Experimental and theoretical investigation of EUV radiation behavior of laser-produced Zr plasmas

Abstract

Extreme ultraviolet radiation of laser-produced zirconium (Zr) plasmas were measured in the 6.7–14.7 nm region using a spatio-temporally resolved laser-produced plasma spectroscopy technique. At shorter wavelengths, the spectrum was dominated by several lines attributed to the 4s-(6p,7p,8p) transition arrays of Zr6+ to Zr10+ ions. For the 4s-5p and 4p-6 s transitions, the spectral lines concentrated near 11.18 nm and smoothly move towards longer wavelengths with decreasing ion-charge-state, which are experimentally and theoretically investigated.

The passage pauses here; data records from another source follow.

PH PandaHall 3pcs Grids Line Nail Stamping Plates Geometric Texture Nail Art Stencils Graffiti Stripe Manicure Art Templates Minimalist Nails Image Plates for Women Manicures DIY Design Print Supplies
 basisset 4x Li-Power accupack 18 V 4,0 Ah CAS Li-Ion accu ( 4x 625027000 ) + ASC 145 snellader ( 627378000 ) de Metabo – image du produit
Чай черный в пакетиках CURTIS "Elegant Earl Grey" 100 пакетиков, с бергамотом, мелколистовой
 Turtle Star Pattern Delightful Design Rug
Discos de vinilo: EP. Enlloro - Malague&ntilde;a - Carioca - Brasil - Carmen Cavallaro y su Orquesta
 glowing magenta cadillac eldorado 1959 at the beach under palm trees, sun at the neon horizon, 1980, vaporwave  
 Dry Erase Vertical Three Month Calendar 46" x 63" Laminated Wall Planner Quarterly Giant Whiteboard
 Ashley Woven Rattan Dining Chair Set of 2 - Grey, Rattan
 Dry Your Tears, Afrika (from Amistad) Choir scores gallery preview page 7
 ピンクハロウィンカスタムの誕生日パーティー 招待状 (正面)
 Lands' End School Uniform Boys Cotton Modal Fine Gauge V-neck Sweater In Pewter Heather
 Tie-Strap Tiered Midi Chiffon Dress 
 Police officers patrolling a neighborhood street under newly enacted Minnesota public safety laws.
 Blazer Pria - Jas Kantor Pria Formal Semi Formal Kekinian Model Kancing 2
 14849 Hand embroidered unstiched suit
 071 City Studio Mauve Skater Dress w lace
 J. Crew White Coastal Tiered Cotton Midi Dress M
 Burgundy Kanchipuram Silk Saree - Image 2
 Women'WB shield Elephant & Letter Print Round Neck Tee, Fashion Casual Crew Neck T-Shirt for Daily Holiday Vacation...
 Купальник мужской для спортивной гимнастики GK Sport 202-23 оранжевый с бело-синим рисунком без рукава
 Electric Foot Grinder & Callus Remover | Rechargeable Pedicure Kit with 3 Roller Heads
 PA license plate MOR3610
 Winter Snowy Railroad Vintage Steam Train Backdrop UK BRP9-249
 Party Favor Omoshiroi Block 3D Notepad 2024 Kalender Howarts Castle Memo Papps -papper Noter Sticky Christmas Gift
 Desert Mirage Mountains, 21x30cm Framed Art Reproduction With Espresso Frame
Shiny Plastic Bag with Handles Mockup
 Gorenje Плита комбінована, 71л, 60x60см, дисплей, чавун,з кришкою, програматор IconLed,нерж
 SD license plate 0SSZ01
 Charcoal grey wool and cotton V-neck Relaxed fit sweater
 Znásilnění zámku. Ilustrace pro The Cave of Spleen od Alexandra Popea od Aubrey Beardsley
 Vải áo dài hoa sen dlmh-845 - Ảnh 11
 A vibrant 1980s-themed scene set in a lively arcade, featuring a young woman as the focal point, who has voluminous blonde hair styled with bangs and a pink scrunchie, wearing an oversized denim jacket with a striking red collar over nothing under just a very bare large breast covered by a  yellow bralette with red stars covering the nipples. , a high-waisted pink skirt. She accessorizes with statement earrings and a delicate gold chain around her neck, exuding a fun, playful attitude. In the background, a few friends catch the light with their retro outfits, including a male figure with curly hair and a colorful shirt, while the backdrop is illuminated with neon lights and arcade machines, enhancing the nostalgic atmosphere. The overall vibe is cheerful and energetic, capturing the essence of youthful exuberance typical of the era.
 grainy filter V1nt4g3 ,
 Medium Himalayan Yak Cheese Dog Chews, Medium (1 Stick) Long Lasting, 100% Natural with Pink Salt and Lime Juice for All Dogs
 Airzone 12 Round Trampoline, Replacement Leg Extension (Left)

The Hartree-Fok (HF) method with relativistic corrections (HFR) using the Cowan's codes and Flexible Atomic Code (FAC) were used to calculate and interpret the observed spectra, respectively. At relatively high temperatures, lines from 3p-3d transitions in Zr13+ and Zr14+ ions have been found to have an important contribution. A number of spectral lines are established in this study for the first time. Besides the atomic structure calculations, a numerical computation based on the assumption of a normalized Boltzmann distribution among the excited states associated with a steady-state collisional-radiative model (CR), has also been performed to obtain the plasma parameters by comparing the experimental and simulated spectra. The corresponding dominant ion stages and ion fractions for different ion stages were obtained. We have also provided the evolution of rate coefficients as a function of electron density and electron temperature. We reproduced synthetic spectra which are in good agreement with the experiment. Temporal and spatial evolution behavior about plasma parameters have been analyzed. The variation of electron plasma frequency and skin depth with plasma temperature were introduced. The results may be beneficial for spectroscopic diagnostics of hot plasmas in tokamak and fusion research.